Bij statistics klik je cramers V en phi in.
T-test / ANOVA
Analyse -> compare means -> independent sample t-test
Analyse -> compare means -> ANOVA
Bij factor -> onafhankelijke meer dan 3-> geslacht of regio
Bij dependent -> de scale
Kijk of er sprake is van significantie.
, Pearson correlation
Analyse -> correlate -> bivariate
Je vult de twee vragen in die scale zijn
Kijk of er sprake is van significantie -> zo ja -> het is geen toeval
Als er significantie is, kijk je hoe sterk de correlatie is -> bij pearson. Is deze tusesn
0,3-0,6 = matig. Hoger dan 0,6 is goed. Lager dan 0,3 is slecht.
Bijvoorbeeld de vraag over autonomie en werkdruk. Die is significant en heeft een pearson
van -0,6. Dat betekent dus hoe meer autonomie, hoe lager de werkdruk!
Verwoorden:
Er is een significant samenhang want p = <0,05. Er is een groot verband tussen autonomie
en werkdruk, want de pearson correlation = -0,674.
-> let op: dit is samenhang.
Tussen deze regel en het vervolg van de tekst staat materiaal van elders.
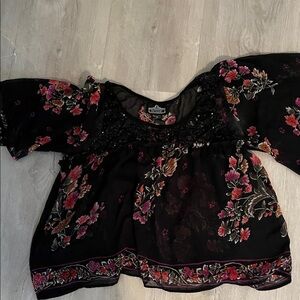 Angie Black Blouse with Pink Floral Design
Als je kijkt naar verschillen tussen groepen gebruik je significant
verschil)
Spearson correlation
Zelfde als pearson, maar dan spearson aanklikken.
Dus bij analyse -> correlate -> bivariate.
Significantie
De uitspraak “alles is te wijten aan het toeval” noemen wij de nul-hypothese (Ho)
De uitspraak “er is wel degelijk sprake van iets substantieels” noemen wij de alternatieve
hypothese (Ha).
De toetsingsprocedure is er nu op gericht op Ho te verwerpen of te aanvaarden.
Als wij Ho moeten aanvaarden, dan is de conclusie dus dat het gevonden resultaat het
gevolg is van toevalsfluctuatie.
Als wij Ho moeten verwerpen (de kans op toeval is kleiner dan de afgesproken
significantiedrempel), dan pas accepteren wij Ha.
Pas op: het is dus niet Ha die je verwerpt of aanvaardt. Nee; dat doe je met Ho. De uitslag
daarvan bepaalt vervolgens of je Ha accepteert.